Lifestyle: Travel & Dining

Kingsand and Cawsand, United Kingdom

Seafaring, scenic and still virtually untouched, Cornwall’s twin villages are worth the trek
By Dawn Watson - December 9, 2017

Quaint, charming and oh so traditional, the United Kingdom’s Kingsand and Cawsand are the stuff that dreams are made of.

Mainly untouched by modern advancements, the eye-catching seaside villages in southeast Cornwall are as highly regarded today for their historic character as they are for their natural beauty. Off-the-beaten path yet popular with tourists and adventurers, the pair of picturesque places—which boast dramatic cliffs, densely wooded hillscapes and tranquil beaches—are an approximate five-hour drive from London.

Visually stunning, the Rame peninsula-based destinations need no more than the light and the landscape to capture the attention of travelers, though there is certainly much more to their story. Packed with history, and with much of the architecture in place to prove it, the tiny villages were once home to a thriving fishing industry and plenty of smuggling schemers.

Today the hotspots are now home to a tightknit artist and artisan community, as well as the expected ancillary inns, pubs, cafes, shops and galleries. And though the smugglers’ tunnels have long been sealed up, it’s still possible to hike, camp, fish, boat and dive into the clear waters of Cawsand Bay, which is tucked between the English Channel and the Celtic Sea.

Twinned with Porspoder in France and oft referred to as “the Forgotten Corner,” the historical fishing villages are frequently honored with England’s versions of “Best Kept Village” and “Area of Outstanding Natural Beauty” awards. Adding to the charm here are narrow and windy streets, where automobiles are prohibited. But getting around is easy, and there’s quite a lot to explore in town and around.

Merely walking through the tiny villages (Cawsand is essentially a few homes, an inn and a very good artisanal bakery café, while the bigger Kingsand is host to a couple dozen places to eat, drink, lodge and shop) is enough for some, as the whitewashed and pastel hued cottages that line the streets are postcard pretty and more than enough to hold one’s attention. But there are also the beaches—The Cleave, a mix of sand and shingle, or “pebble” as we’d say here in the States; pebbly Girt Beach; sandy Cawsand Beach and several other points of interest.

The best-known landmark in the area is the seafront Clocktower in Kingsand, erected to commemorate the coronation of King George V in 1910 and nearly destroyed by floods in 2014. Now rehabbed and used as a community hall, the handsome stone building is protected by a reinforced seawall and houses a cross-stitch tapestry keepsake of the two villages, made by the residents to commemorate the Golden Jubilee of Queen Elizabeth II in 2002.

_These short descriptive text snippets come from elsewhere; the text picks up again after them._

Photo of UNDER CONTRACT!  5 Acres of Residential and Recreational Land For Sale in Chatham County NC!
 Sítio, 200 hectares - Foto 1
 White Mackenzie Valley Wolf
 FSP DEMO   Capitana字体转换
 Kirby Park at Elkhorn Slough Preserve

Another significant draw to the area is the Coastal Path, which runs along the edge of the sea, past Penlee Point and ending at Rame Head. A fairly rugged trek by foot, the final destinations here, high atop a hill are the remains of a 14th century monk’s chapel and glorious views of Whitsand Bay.

History is evident all around. Close by is Mount Edgcumbe, a 16th century Tudor estate built in the mid 1500s and overlooking Plymouth Sound and the River Tamar. Other nearby historic country estates are Country Park and Anthony House, which we didn’t get the chance to visit but look quite nice.

And for those who aren’t necessarily into nature and architectural-type meandering, there’s also the nearby historic Plymouth Barbican area. It’s a quick ferry ride away and home to the National Marine aquarium and plenty of shops and restaurants. Can’t wait to head back and explore even more!